Project Description is too long for this post. Please read attached word doc for full description.
We would like to buy a block of 80 hours doing PostgreSQL queries over Oil & Gas data. We are hovering at around 200 million rows of data that feed multiple user interfaces. All of this data needs a ton of cleaning and curation.
The PostgreSQL stuff will not be hard to do. Lot of case when, concat, substrings… just moving data from poor formats to good formats. For example, we may get a VARCHAR that is 1/1/2017 and need to convert it to date. Two second change. But we have hundreds of these date fields. Sometimes in a table with 1MM rows, we will have one badly formatted date – 1&1/2017. Getting that one bad date fixed is not the goal. We have to work around it to get the other 999,999 into date format. We need that VARCHAR in date format. And sometimes, the dates come in as 1/2017. Or some come in as MM/YYYY and others (in same field) are in MM/DD/YYYY format. You get the picture!
The easy part will be PostgreSQL. The hard part? Oil & Gas data is not written in lay speak. It’s a very technical industry… tubing, casing, tvd, formations… little of it will make sense.
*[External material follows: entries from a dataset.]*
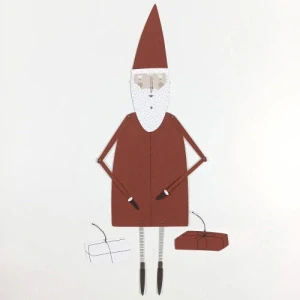 Santa - vánoční pohyblivá vystřihovánka - loutka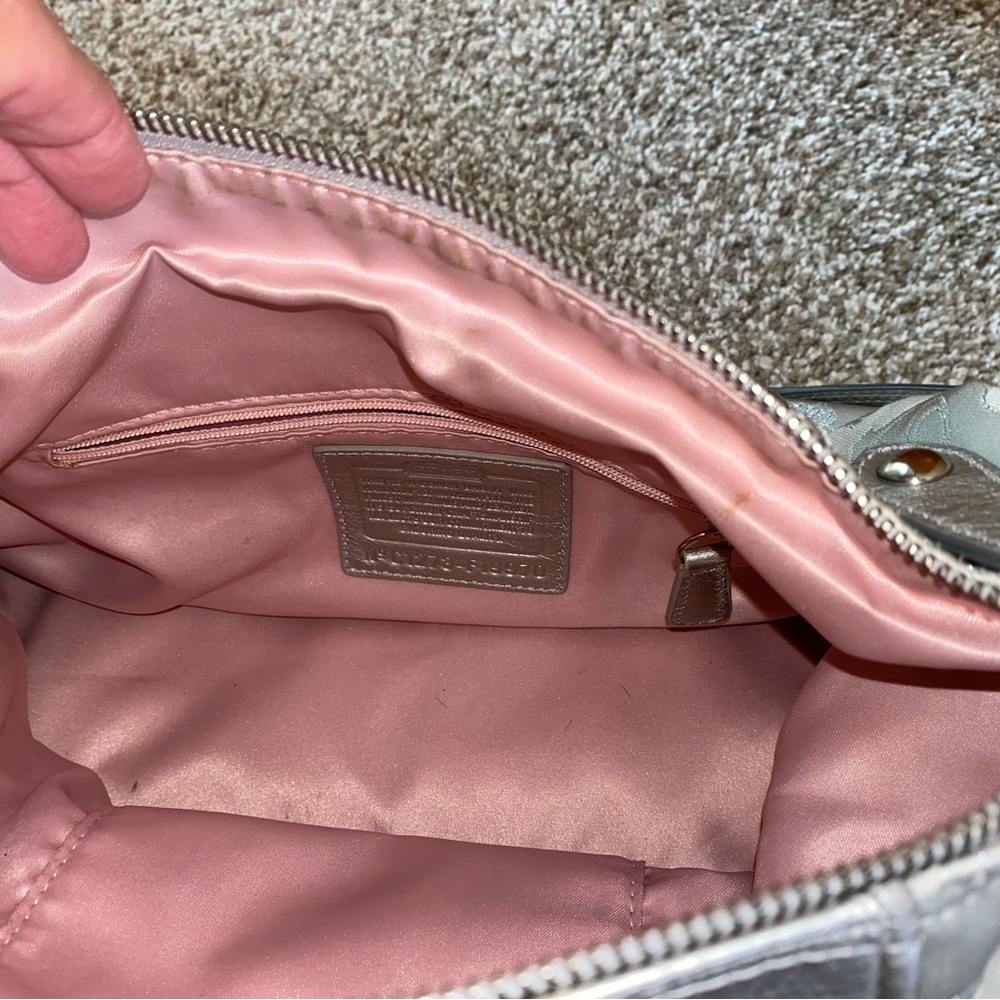 Coach Metallic Silver Tote Bag - Picture 4 of 5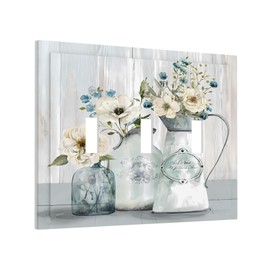 LWDZLHD Vintage Rustic Country Floral Decorative Light Switch Cover Farmhouse Flower Vase 3 Gang Triple Toggle Wall Plate Electrical Faceplate for Bathroom Kitchen Bedroom Decor 6.7" x 4.8"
Of course, if you know O&G, huge bonus, but it’s not necessary or expected for this project.
We will interpret all the O&G stuff (for you) and send you simple sentences on what each c_ and m_ field should look like. You will then build the queries for each table.
80 hours could just be the beginning. We are already working on a Phase II. We would like to build aggregation queries around all 200 million rows for “highlights” we can report on a webpage. This would entail running row counts/sums/etc. for a ton of fields and even some basic equations. We would update these queries every night and have a web page that reports all the “macro” changes to our data sets each day. This would be used to educate users on how vast and complex the data is behind the UIs.
Finally, if you know XPATH, that’s a huge bonus for this project. We can engage you beyond the 80+ hours of PostgreSQL work to running our Web Scraper to go get more data. More data? More PostgreSQL cleaning and curation work. XPATH is not mandatory though. We prefer someone who is super comfortable writing queries. You will need that comfort while you are working with the Oil & Gas terminology.